Universal Credit criticised by spending watchdog

The Government's welfare reform programme - Universal Credit (UC) - has suffered from 'ambitious timescales' and 'weak management', according to a report by the National Audit Office (NAO).

The UC will merge a number of existing benefits into a single payment in order to reduce the costs and fraud associated with the current multi-benefit system.

The Department for Work and Pensions (DWP), responsible for the programme, was criticised by the NAO for:

  • overspending
  • taking risks in trying to meet short timescales
  • using a management approach inefficient for a project of this scale and complexity.

The DWP has been forced to delay the start of a national rollout of UC, originally planned for October 2013, due to IT glitches. 

According to the report, more than 70 per cent of the £425 million spent on the programme to date has been on new IT systems.

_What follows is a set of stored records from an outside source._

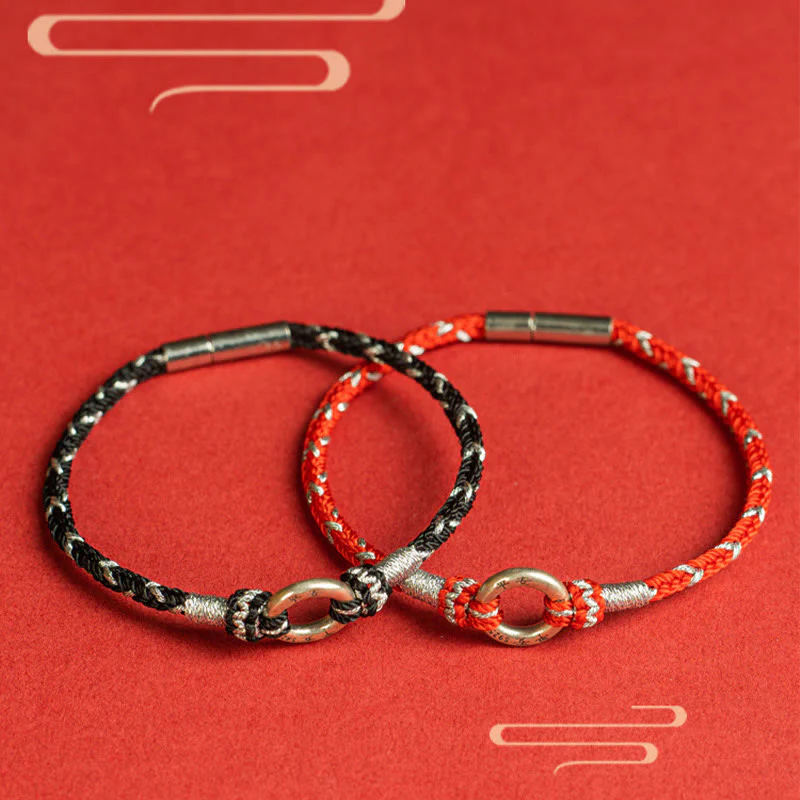 Bracciale portafortuna in argento sterling 925 con cordino rosso Buddha Stones - Image 16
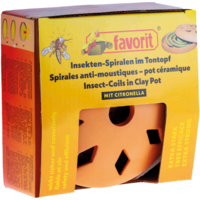 Favoriete terracotta wierookbrander met twee citronella muggenspoelen (set van 3)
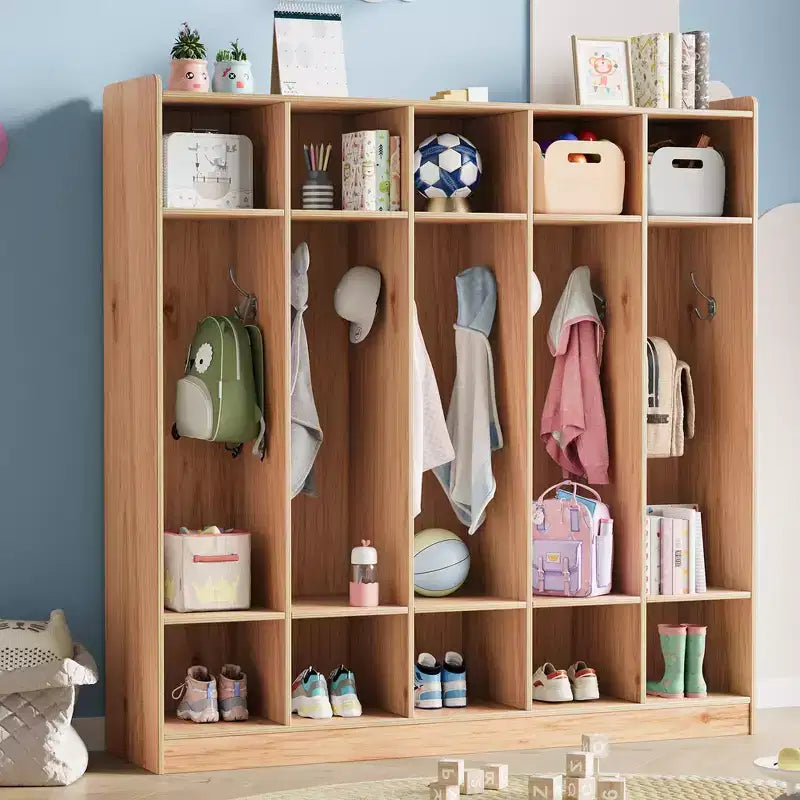 Armadietto Appendiabiti a 5 Sezioni per Aula con 10 Scomparti e Ganci - Organizzatore per Asili Nido, Scuole, Scuole Materne e Uso Domestico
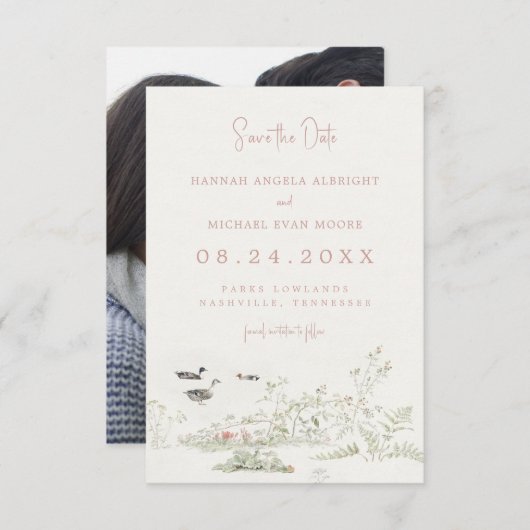 Pflanze und Enten Save the Date (Vorne/Hinten)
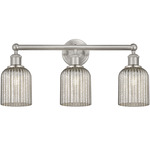 Edison Bridal Veil Bathroom Vanity Light - Satin Nickel / Mercury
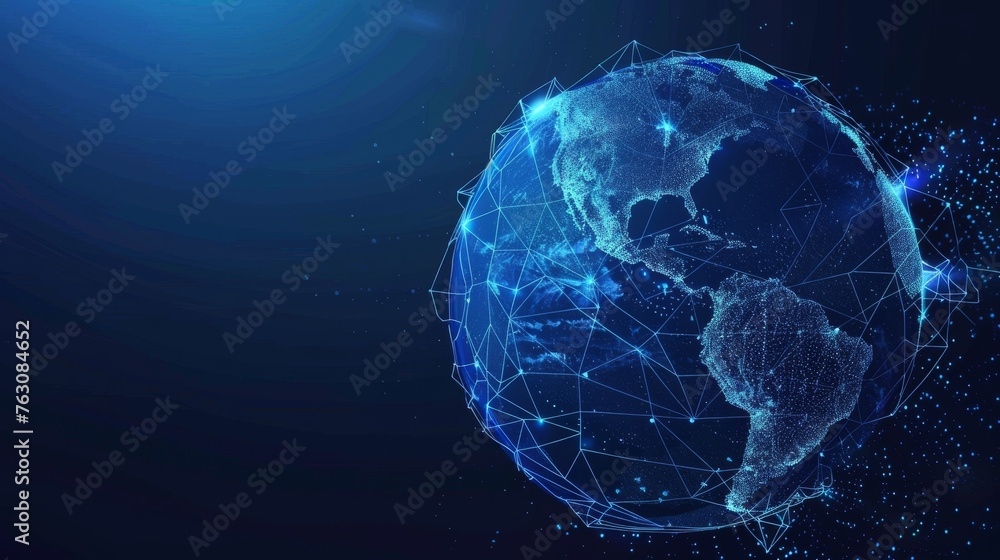 Fototapete In an abstract blue glowing planet Earth, a power button appears. Low poly style design. Geometric background. A wireframe light connection structure appears. Modern 3D graphic.  illustration.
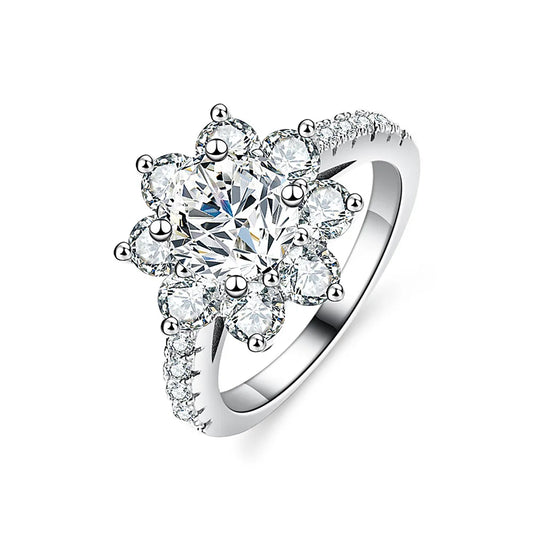 ShanLover Brand MST Top Grade Moissanite Diamond Ring For Woman 925 Sterling Silver Rings Snowflake Design Gemstones Jewelry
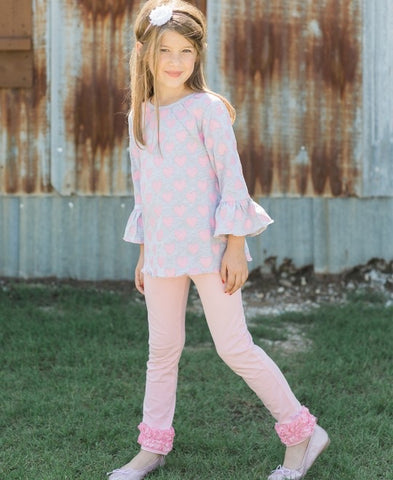 Light Pink Ruffle Leggings- Kids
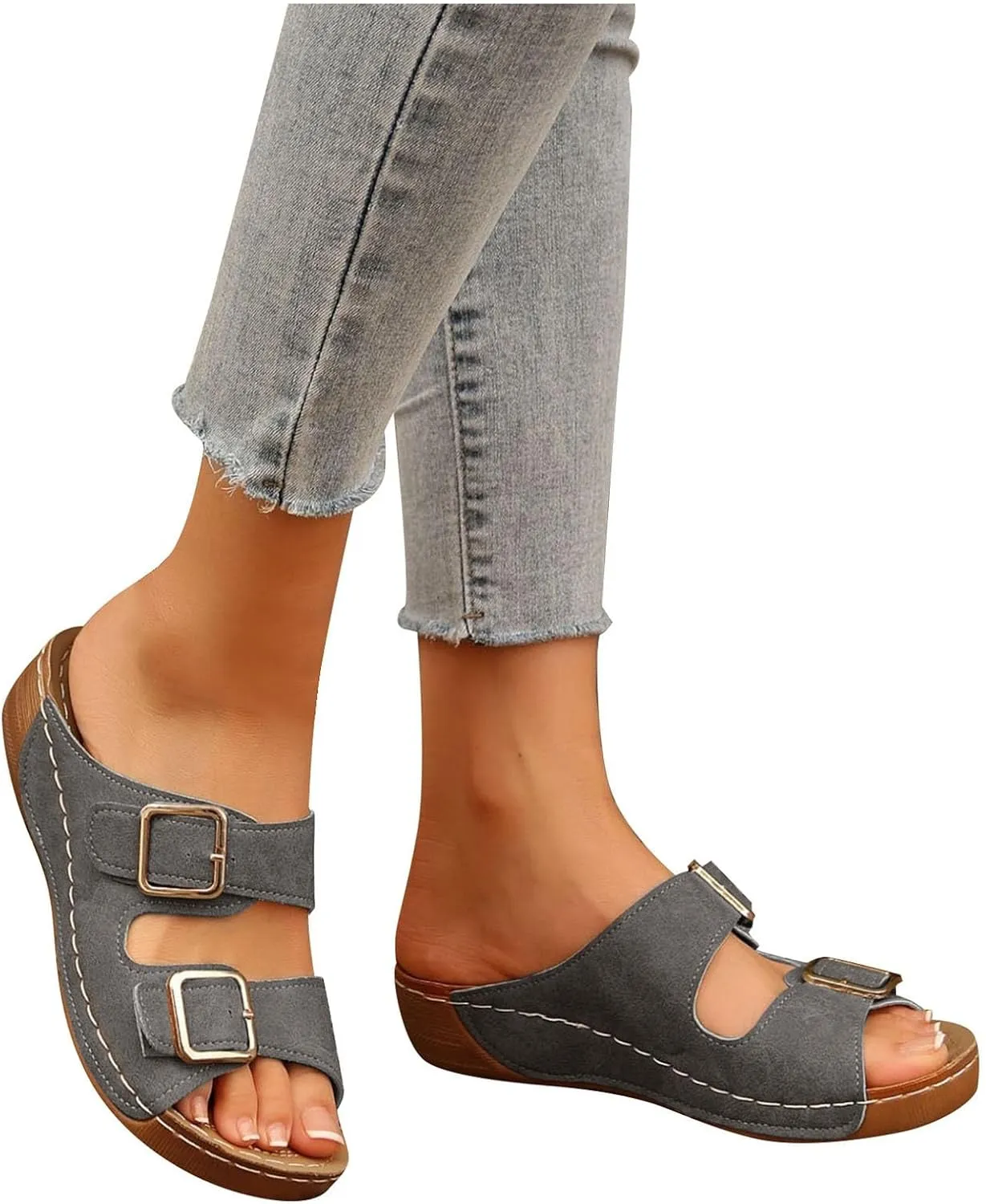 Travel Orthopedic Sandals for Women Comfortable Beach Walking Shoes with Arch Support Summer 2025 Comfortable Dressy Casual Wedge Slippers Non Slip & Lightweight with Comfort Cushion Sole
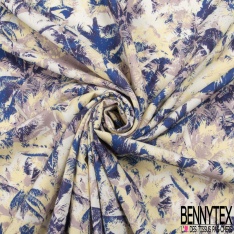 Fibranne Viscose imprimé palmier en solarisation jaune pastel marine taupe fond blanc
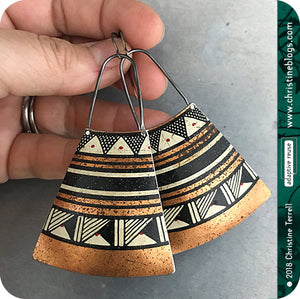 Black & Copper Tribal Design Tin Earrings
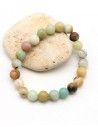 Bracelet Amzonite naturelle perles rondes - Mosaik bijoux indiens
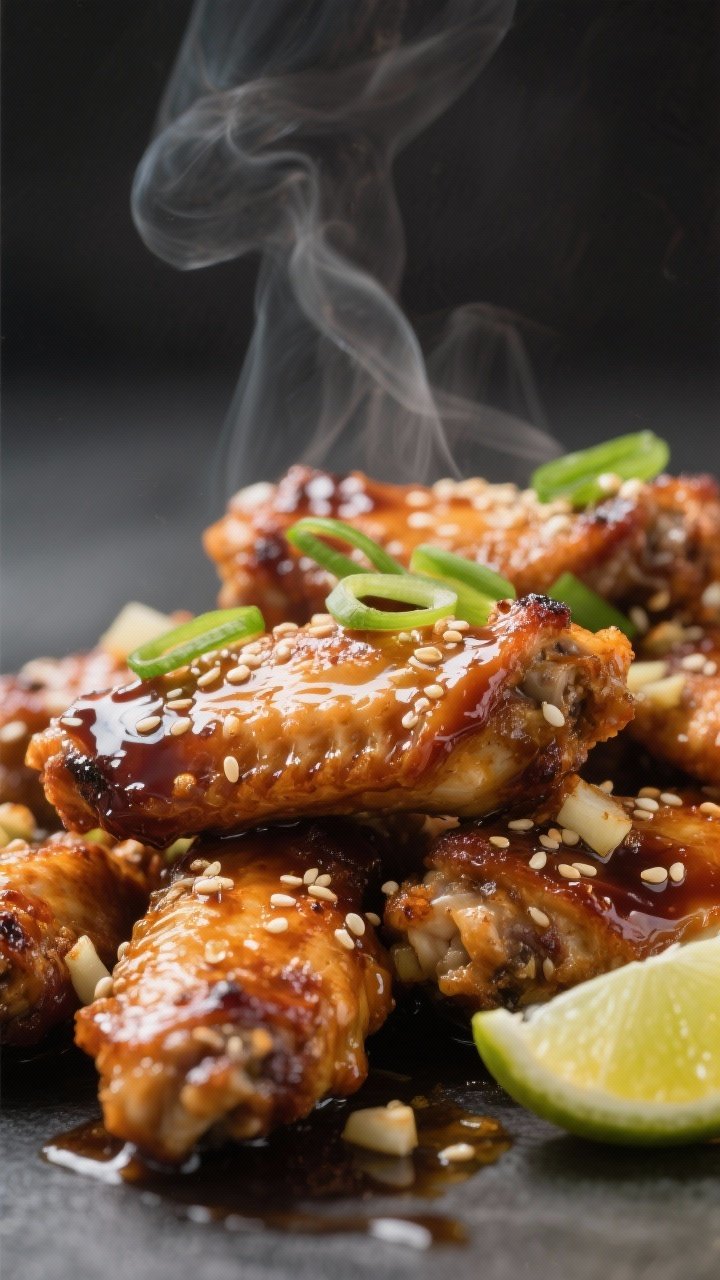 Close-up detail: Ultra-close shot of oven-baked teriyaki chicken wings just after tossing in glossy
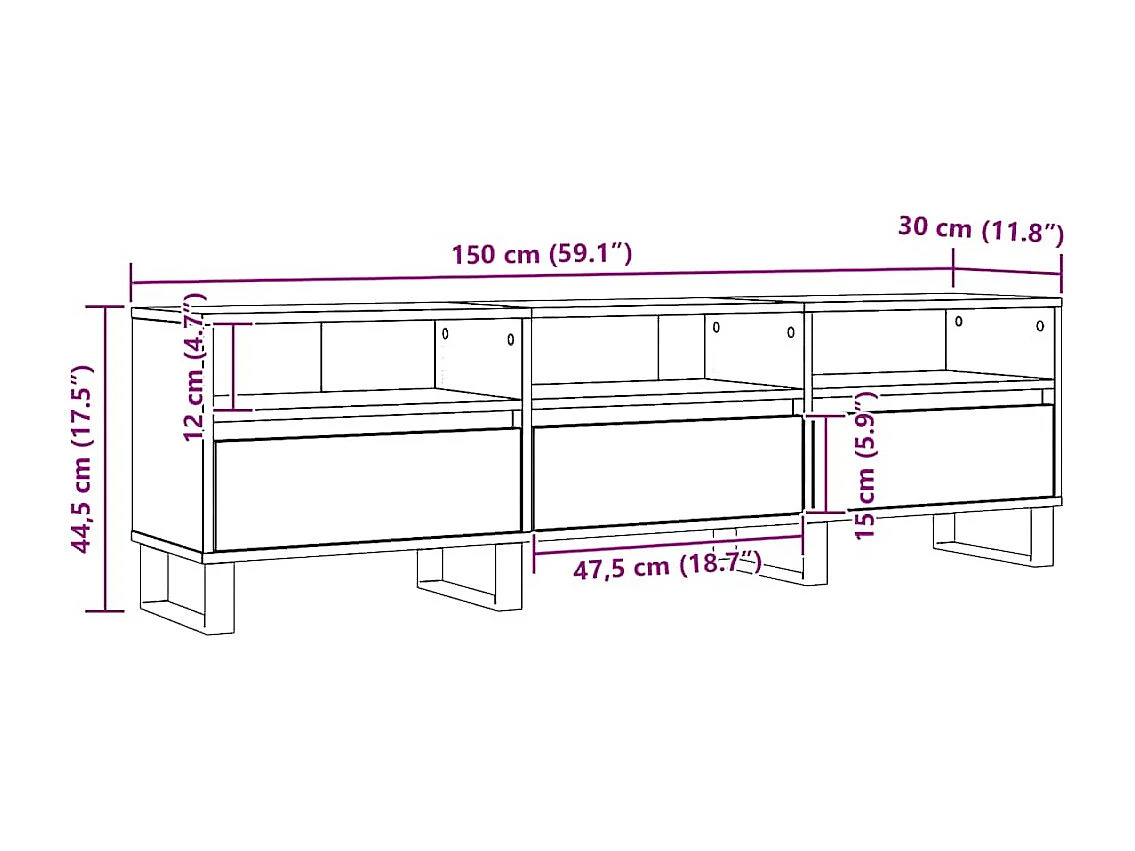 Meuble TV chêne artisanal 150x30x44,5 cm bois d'ingénierie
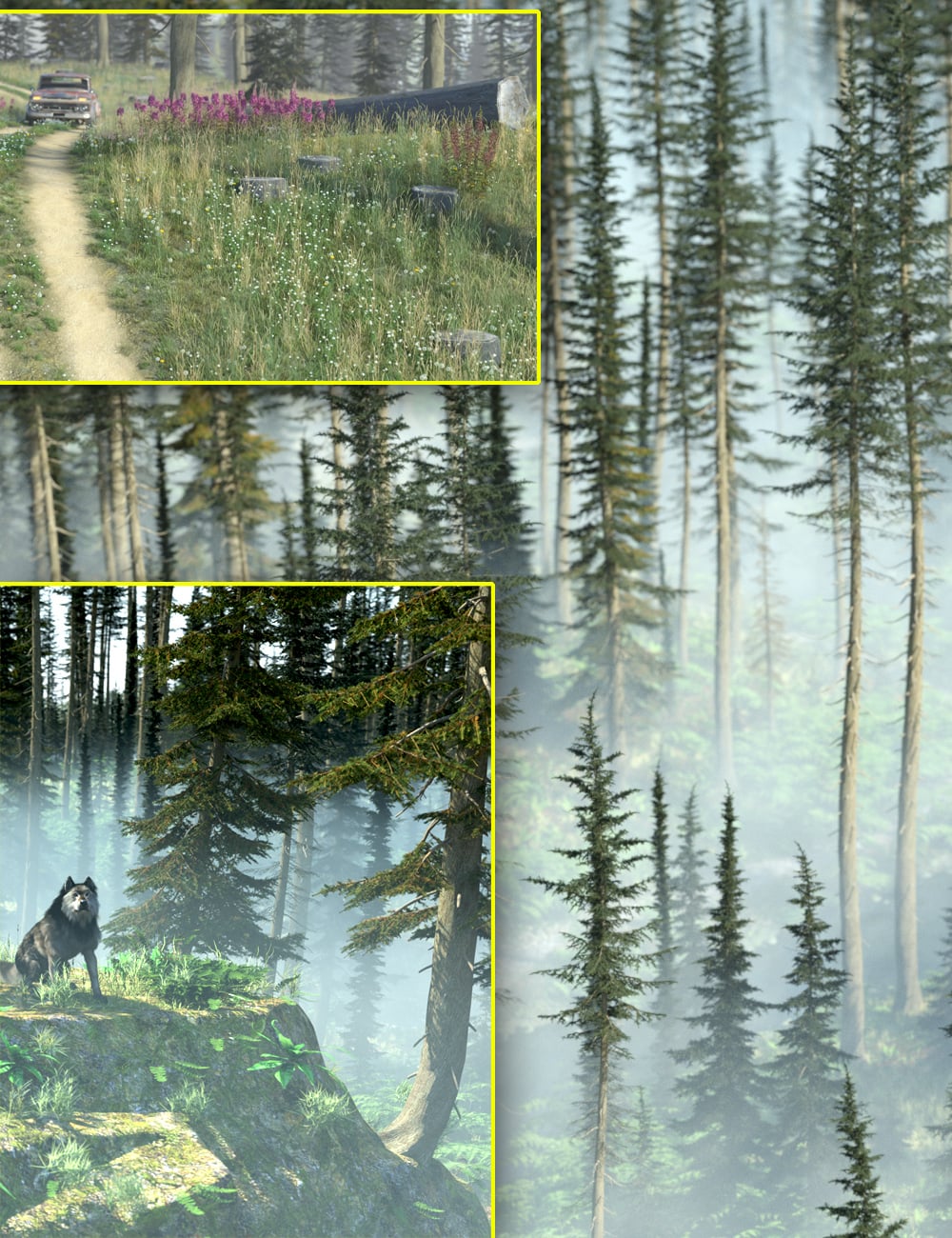 Pine Forests - Hemlock Grove Add On by: MartinJFrost, 3D Models by Daz 3D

However, £34 million worth of these new systems has already been written off as it is unclear whether it will be able to support a national rollout.

Amyas Morse, head of the NAO, said: "Universal Credit could well go on to achieve considerable benefits if the Department learns from these early setbacks and puts realistic plans and strong discipline in place for its future roll-out."

Work and Pensions Secretary Iain Duncan Smith admitted there had been 'missteps' with the project.

"We can't underestimate the scale of the challenge," he said. "This is a fundamental transformation of the welfare system."

The DWP is to review its delivery, spending and IT plans. It will now extend pilot schemes to six more areas of the UK, with these sites taking on simple welfare claims.